### REQUIRED ACTION:
Your task is to transcribe all the entries exactly, excluding pictures.

### SOURCE INFORMATION:
* * * * * * * * *

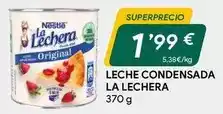 Masymas Nestlé - la lechera oferta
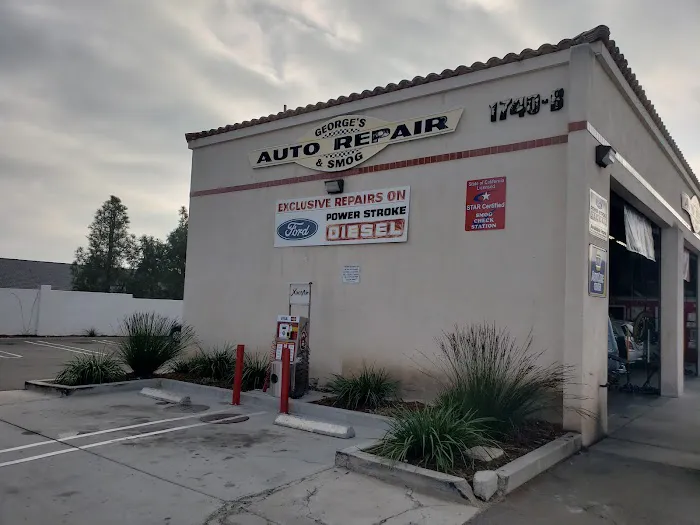 George's Auto Repair 0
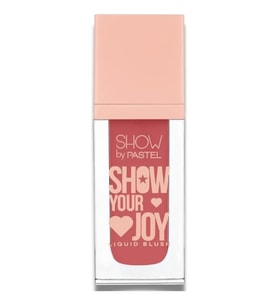 SHOW BY PASTEL SHOW YOUR JOY LIQUID BLUSH 55
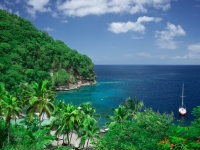Anse Chastanet Soufriere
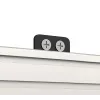 B-Tech SYSTEM X BT8390-WFK2/B Separador de montaje a soporte 19mm negro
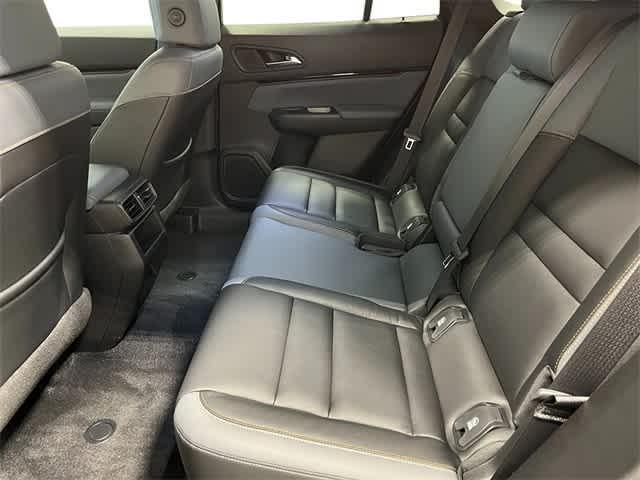 new 2026 Honda Prologue car, priced at $56,450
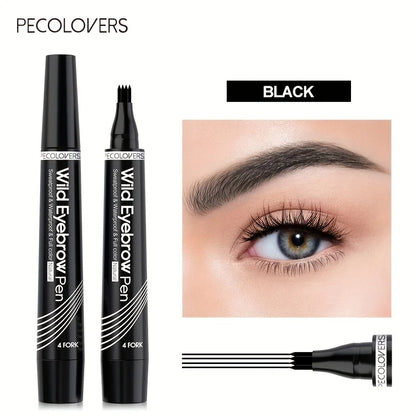 Stylo à sourcils 6 couleur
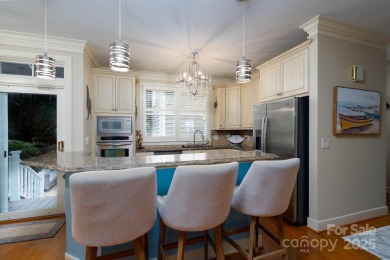 This desirable end-unit home provides all you need for making on Old North State Club at Uwharrie Point Golf community in North Carolina - for sale on GolfHomes.com, golf home, golf lot
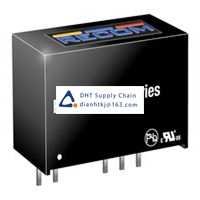 DC/AC converter_recom-power_R24P22005D/P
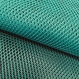 Tissu filet / mesh - turquoise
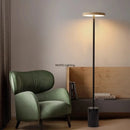 Axyaa Nordic Wood Floor Lamp LED Light Luxury Minimalism Home Decor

* * * * * * * * *

### EXERCISE SOLUTION:
 Masymas Nestlé - la lechera oferta
 George's Auto Repair 0
 SHOW BY PASTEL SHOW YOUR JOY LIQUID BLUSH 55
Anse Chastanet Soufriere
 B-Tech SYSTEM X BT8390-WFK2/B Separador de montaje a soporte 19mm negro
 new 2026 Honda Prologue car, priced at $56,450
 Stylo à sourcils 6 couleur
 This desirable end-unit home provides all you need for making on Old North State Club at Uwharrie Point Golf community in North Carolina - for sale on GolfHomes.com, golf home, golf lot
 DC/AC converter_recom-power_R24P22005D/P
 Tissu filet / mesh - turquoise
 Axyaa Nordic Wood Floor Lamp LED Light Luxury Minimalism Home Decor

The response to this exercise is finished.